When i was a kid, i loved Bo Jackson. He was the first dual-sport athlete and not only did he play 2 sports, he dominated them. In one season he was voted MVP of both the MLB all-star game and the NFL all-star game. Imagine being that good at both sports. He was also the first sport celebrity. The “Bo Knows” campaign preceded all Jordan’s Nike coverage and set the standard for all the mass-marketing we see today. The room i grew up in with had over 30 posters and after Michael Jordan (5 posters) Bo had the most coverage (3).
Given all that, you can imagine my delight when I saw this great article (click here) in the Kansas City Star about Bo. It brought back all the memories. The article filled with great anecdotes. Some of my favorites:
Bo said he was just another guy. He wasn’t some sort of folk hero, like John Henry or Pecos Bill. No, he hurt like other players. He made mistakes like other players. He struck out a lot. He wasn’t forged out of steel, and he couldn’t outrun locomotives, and he couldn’t turn back time by flying around the world and reversing the rotation of the earth.

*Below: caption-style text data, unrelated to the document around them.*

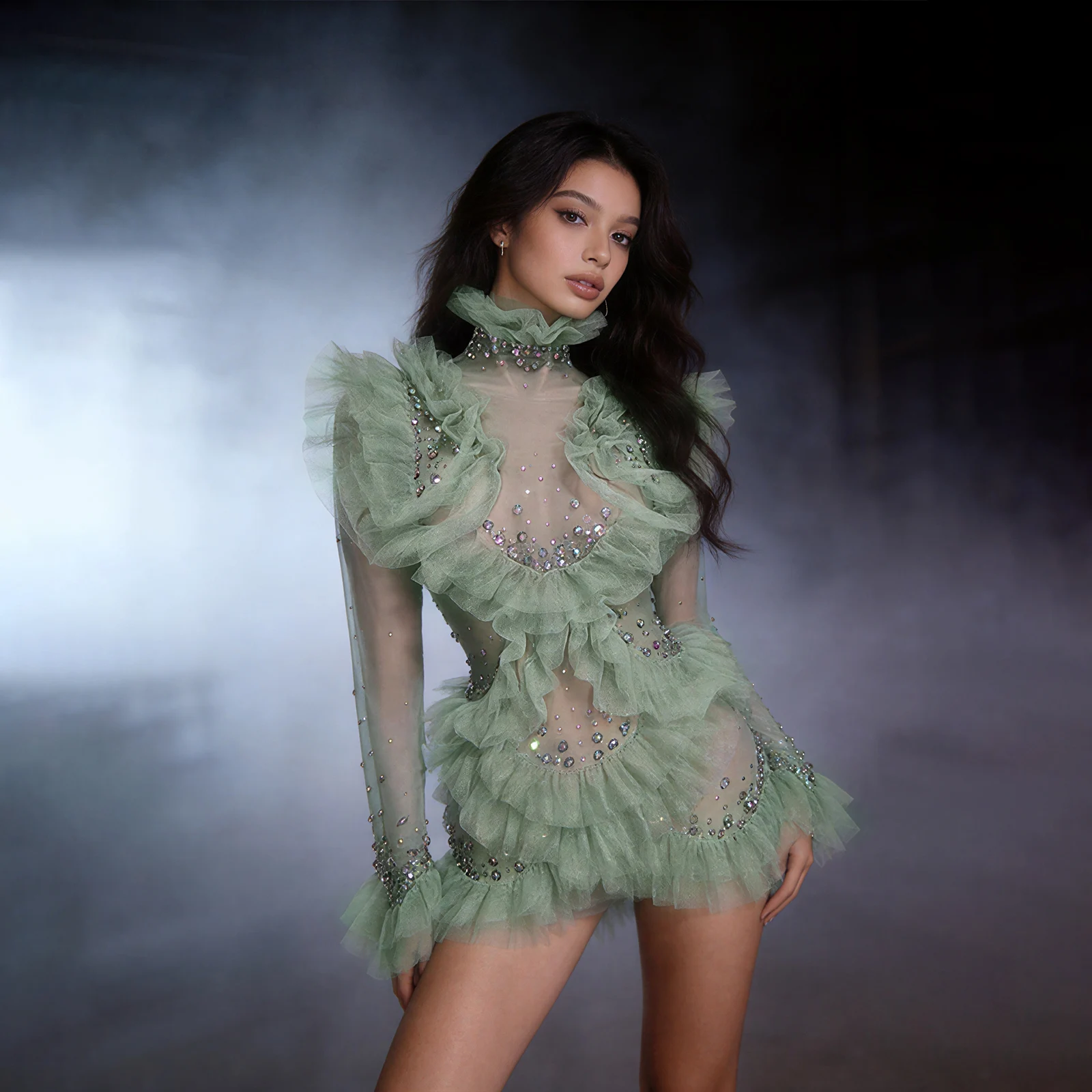 

Green Sheer Mesh High Neck Ruffled Tulle Rhinestone Long Sleeve Mini Dress Drag Queens Costume Stage Costumes Show Outfits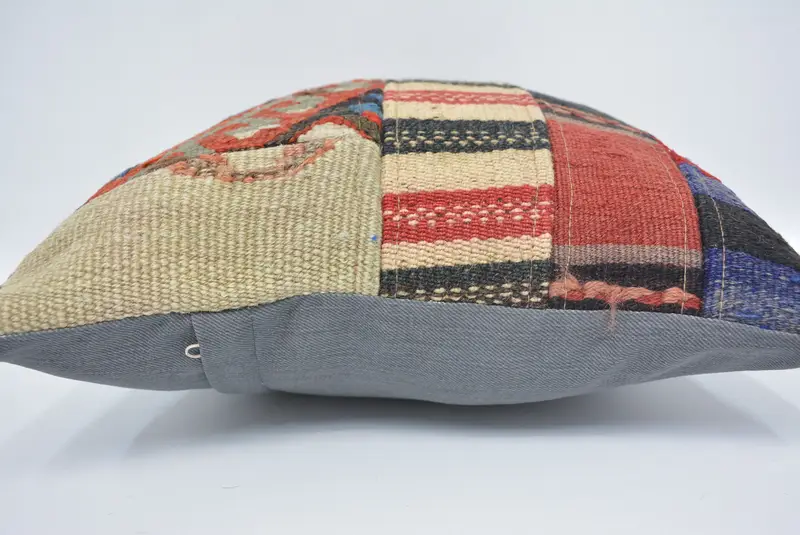 Turkish Kilim Pillow, Ethnical Kilim Rug Pillow, Hippie Throw Pillow Case, 16x16 Red Pillow, Cushion Cover, Vintage Kilim Throw Pillow - 5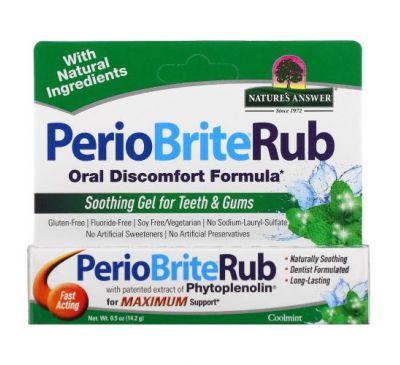 Nature's Answer, PerioBriteRub, Soothing Gel for Teeth & Gums, Cool Mint, 0.5 oz (14.2 g)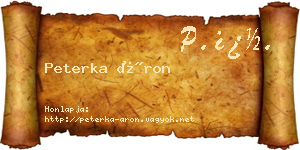 Peterka Áron névjegykártya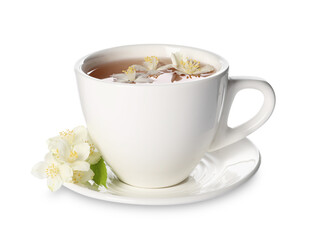 Aromatic jasmine tea in cup and flowers isolated on white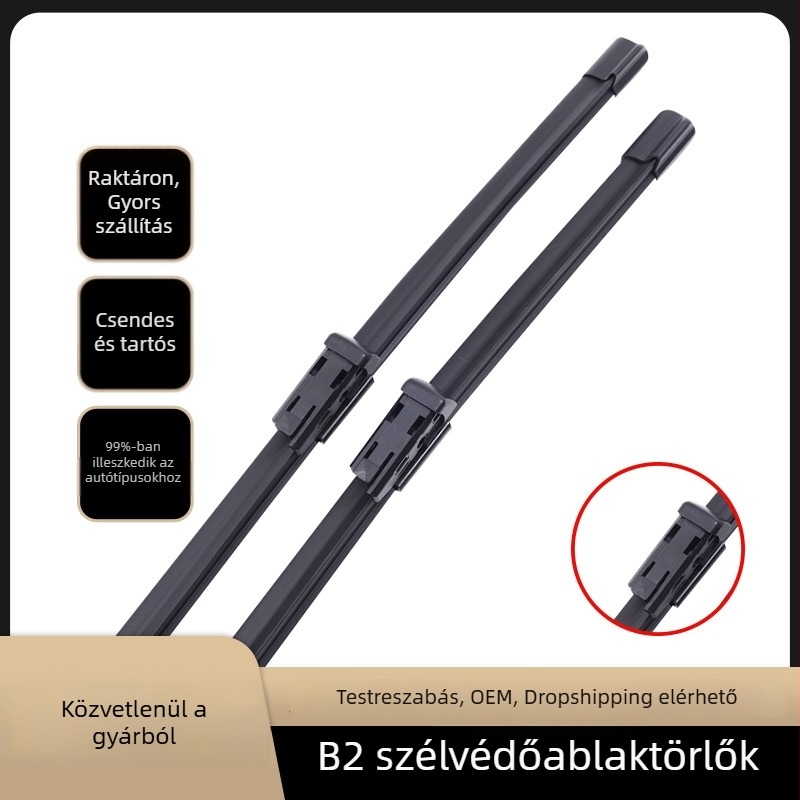B2 interfészű négyszögletes csatlakozású autóablaktörlő gumicsíkkal, kompatibilis különböző modellekkel, egyedi csomagolás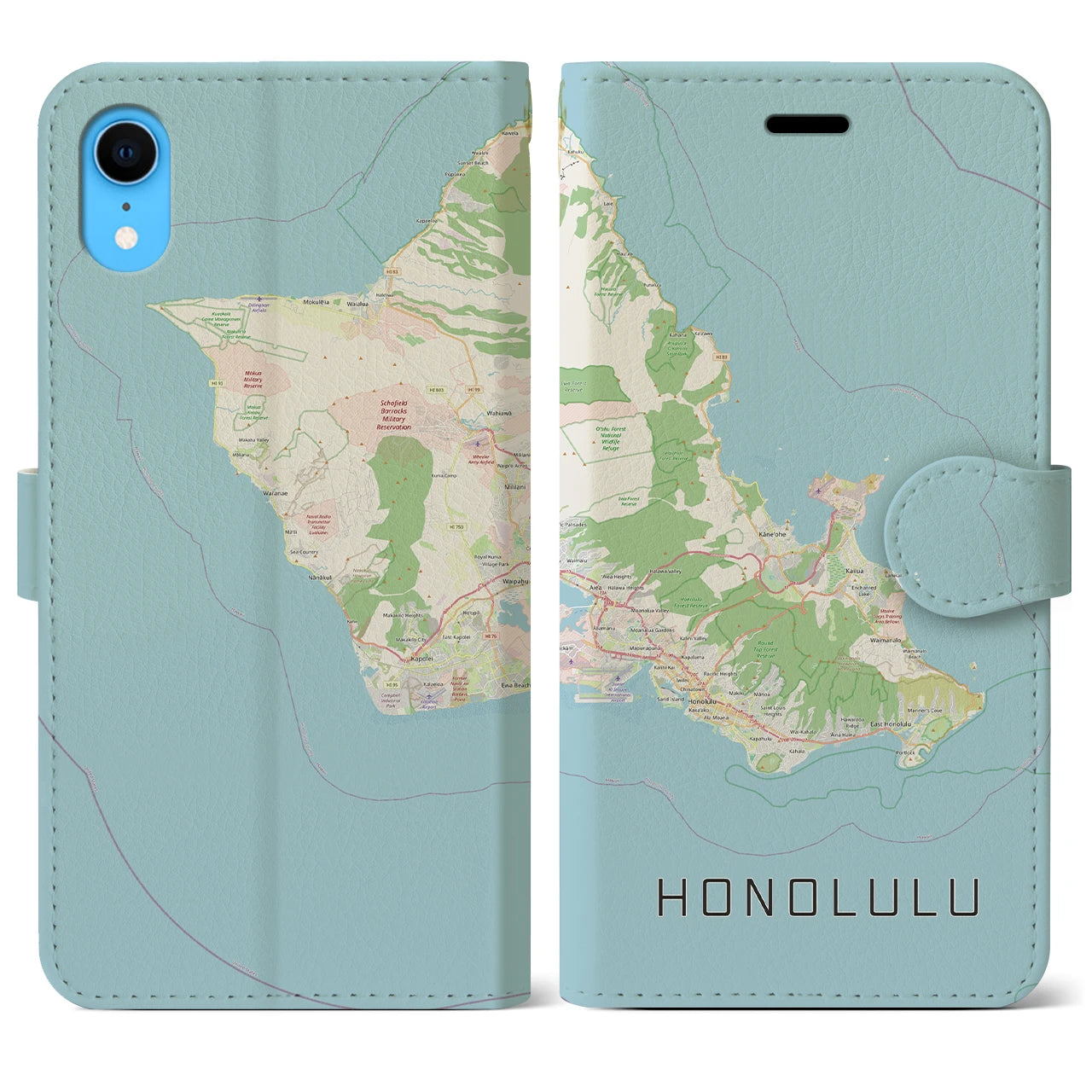 【ホノルル2】地図柄iPhoneケース（手帳両面タイプ・ナチュラル）iPhone XR 用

“I’m just another player, you know?” he said.
Then the game began, Royals vs. Yankees at Yankee Stadium.
First time up, Bo hit a 412-foot homer to center field.
Second time up, Bo smashed a 464-foot opposite-field home run. Longtime Yankees fans said that ball landed in a far-off place where only home runs by Ruth, Gehrig and Mantle from the left side ever reached.

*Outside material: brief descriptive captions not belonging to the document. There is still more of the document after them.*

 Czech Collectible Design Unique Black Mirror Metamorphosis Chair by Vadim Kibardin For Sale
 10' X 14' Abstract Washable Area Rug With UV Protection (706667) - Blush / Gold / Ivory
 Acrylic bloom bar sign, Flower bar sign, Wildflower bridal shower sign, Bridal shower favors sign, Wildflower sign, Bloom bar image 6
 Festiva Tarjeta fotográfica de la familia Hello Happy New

“Colossal,” teammate George Brett would say. “I had to stop and watch.”
Third time up, Yankees manager Stump Merrill walked out to the mound to ask pitcher Andy Hawkins how he intended to get Bo out this time.

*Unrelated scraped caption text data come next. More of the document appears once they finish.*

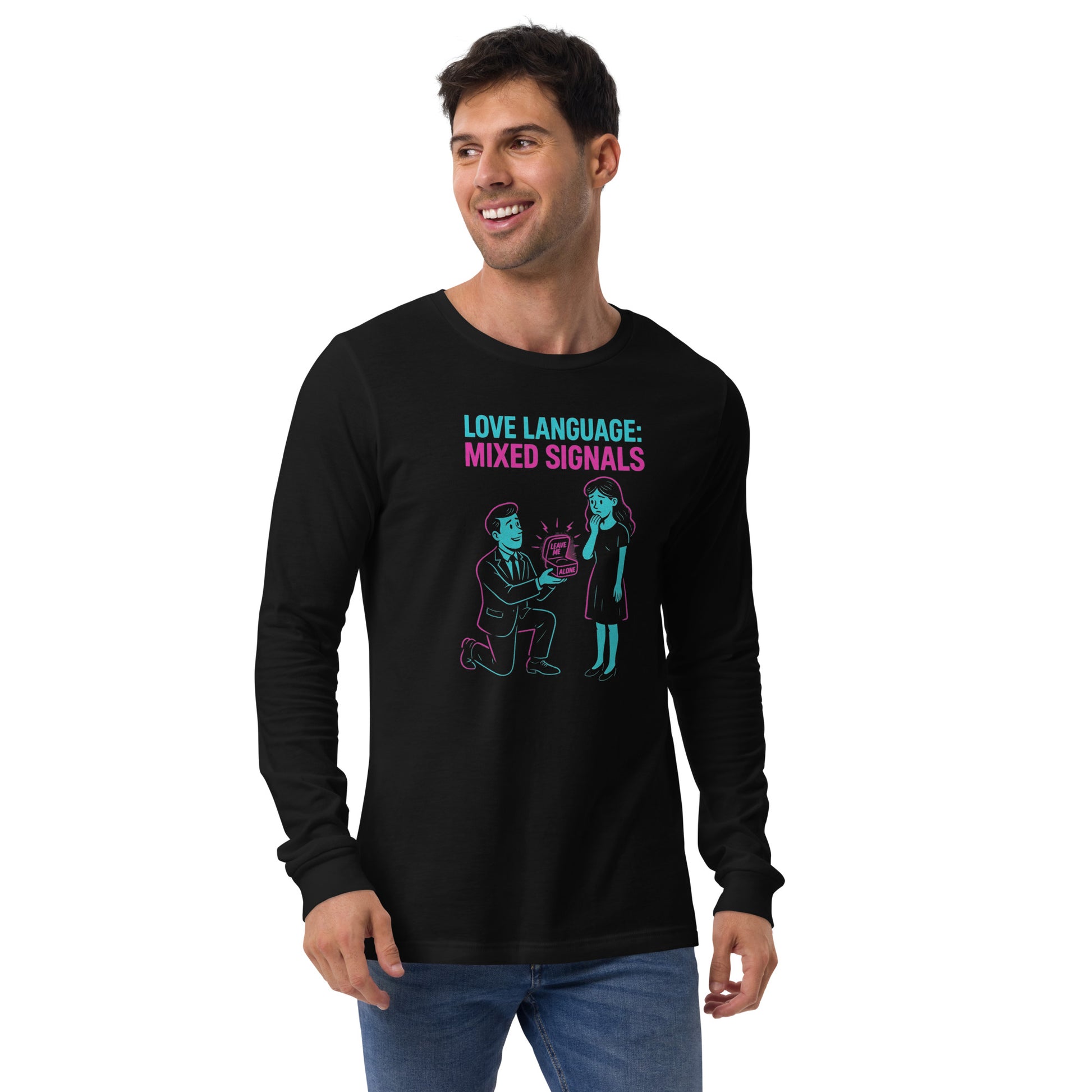 Black long-sleeve shirt with graphic design and text 'Mixed Signals' on a white background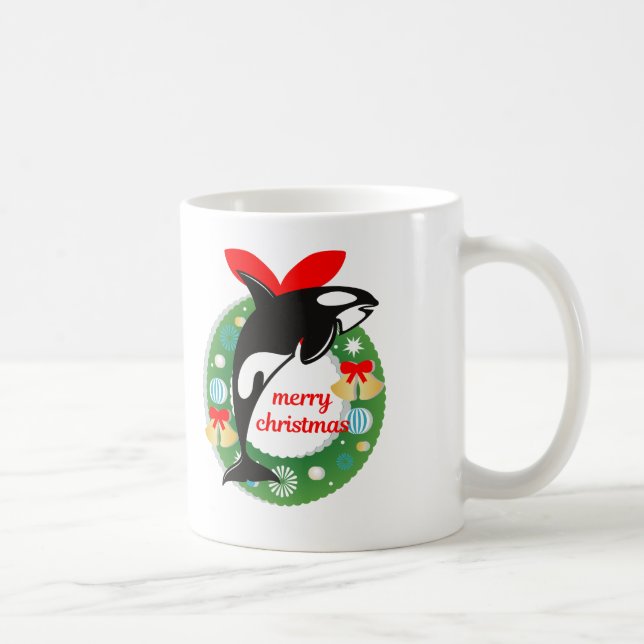 merry christmas killer whale coffee mug (Right)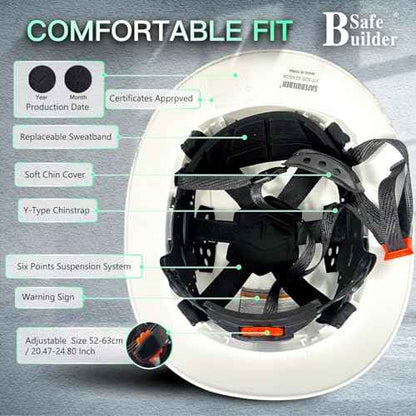 Full Brim Hard Hats Construction Hardhats Safety Helmet Vented Adjustable Lightweight Sunshade Work Caps Industrial Head Protection ANSI Approved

“I’ll pitch it outside,” Hawkins said. “It better be way outside,” Merrill replied.
Hawkins threw it way outside. Jackson poked the ball over the right-field fence for his third homer. The New York crowd went bananas.
Some other good little notes in the article are below. Seriously if you knew Bo or you didn’t, you should read this article, he was a total freak
- Bo Jackson’s first major-league home run flew 475 feet.
- July 29, 1988: Bo Jackson was facing Baltimore’s Jeff Ballard. He called timeout and stepped out of the box. He adjusted his batting glove when he realized that the umpire did not actually grant his timeout, and Ballard was throwing the ball. Jackson jumped back into the box, swung that bat and … yeah. He hit a home run.
- July 11, 1989: All-Star Game in Anaheim. Bo Jackson led off with a monstrous 448-foot home run to straightaway center field — it cleared two fences out there. “Unbelievable,” Hall of Famer Tony Gwynn would say. “I got a piece of it,” Bo would say. The next inning, he beat out a double-play grounder by running to first in 3.81 seconds — one of the fastest times ever clocked for a right-handed hitter. He stole second base (becoming only the second player to hit a homer and steal a base in an All-Star Game, with Willie Mays). He scored the game-winning run. He was selected MVP.